Only the lines from the one containing "Подарунковий набір косметики" through the end of the entries should be returned, exactly as they are, with the pictures omitted.
##### DATA FOR ANALYSIS #####
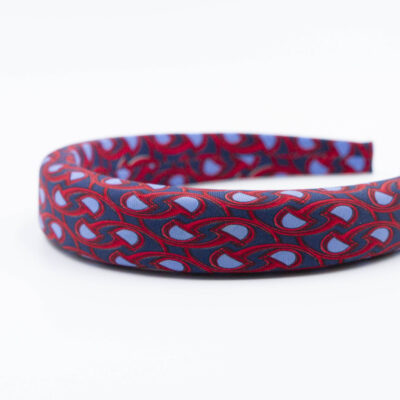 blauw met rode puffy diadeem haarband handgemaakt van een stropdas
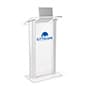 Recycled Acrylic Podium with Aluminum Sides, Custom Artwork - Clear & Silver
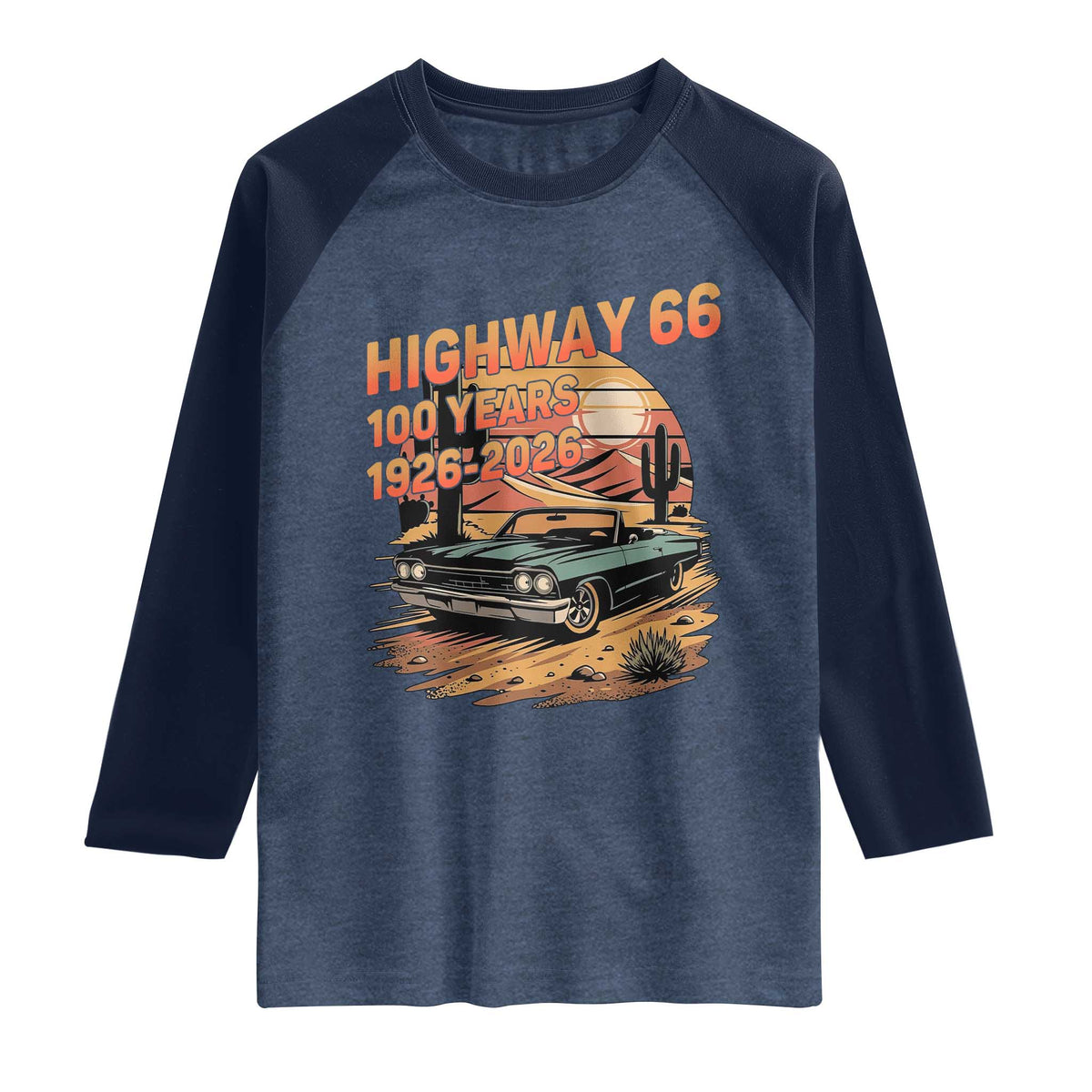 Route Highway 66 Centennial Raglan Shirt 100 Year Road Trip Adventure TS12 Heather Denim Navy Print Your Wear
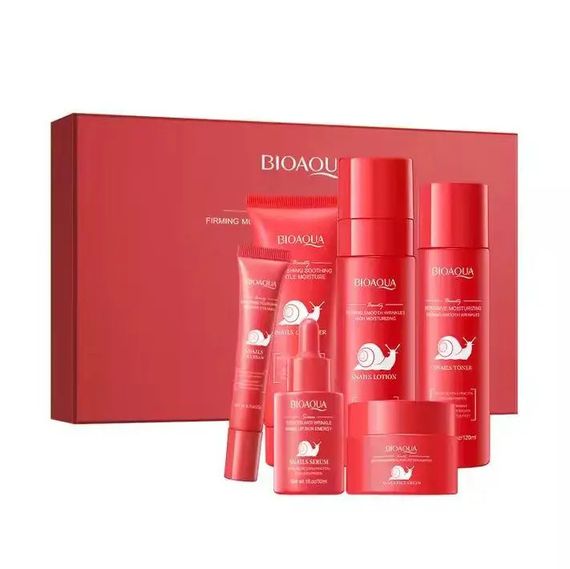 Подарунковий набір косметики для обличчя 6в1 BIOAQUA з муцином равлика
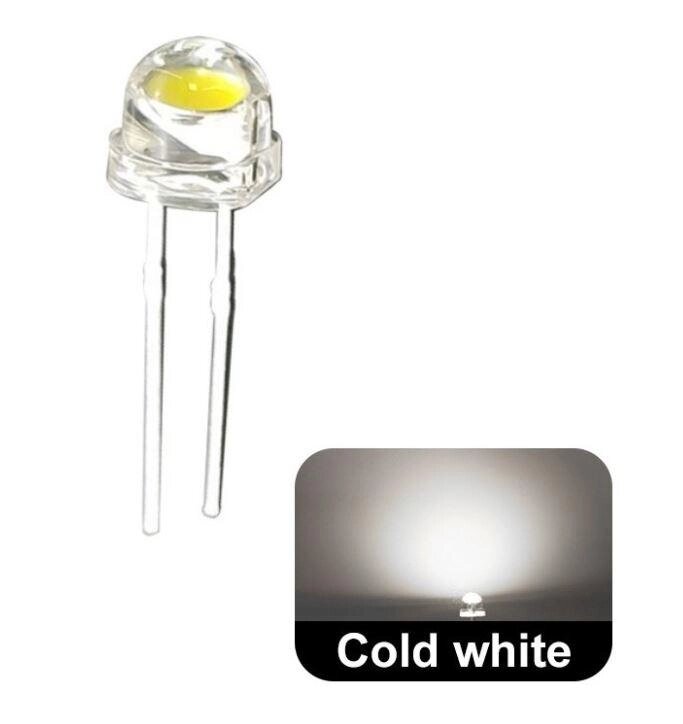 Світлодіод яскраво-білий холодний 5 мм (солом'яний капелюх із великим кристалом 120 градусів) 3 В від компанії Кратус - фото 1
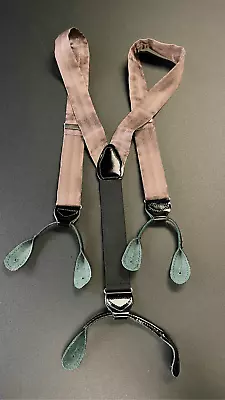 Men's Mauve Berry Black Silk Leather Trim Braces Button Adjustable Suspenders • $24.95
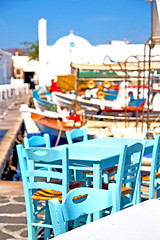 Image showing table in santorini  restaurant chair  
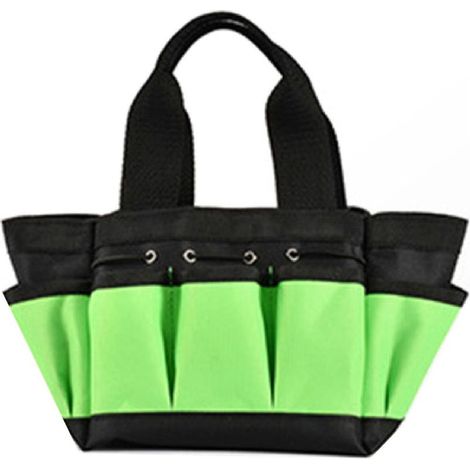 Sac à outils de jardinage — Grand sac de rangement en tissu Oxford (9,5" x 5,9" x 11,8") avec multiples poches, fourre-tout / organiseur d\'outils, adapté à un usage en extérieur. (1/5)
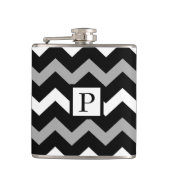 Zwart wit en grijs Chevron Print Patroon Heupfles (Voorkant)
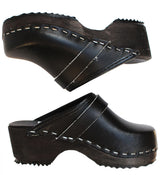 63 kids plain black clogs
#####
▸ RESPONSE BELOW
 Подарунковий набір косметики для обличчя 6в1 BIOAQUA з муцином равлика
 Світлодіод яскраво-білий холодний 5 мм (солом'яний капелюх із великим кристалом 120 градусів) 3 В від компанії Кратус - фото 1
 Men's Mauve Berry Black Silk Leather Trim Braces Button Adjustable Suspenders • $24.95
 Image showing table in santorini  restaurant chair  
 Sac à outils de jardinage — Grand sac de rangement en tissu Oxford (9,5" x 5,9" x 11,8") avec multiples poches, fourre-tout / organiseur d\'outils, adapté à un usage en extérieur. (1/5)
 Zwart wit en grijs Chevron Print Patroon Heupfles (Voorkant)
 63 kids plain black clogs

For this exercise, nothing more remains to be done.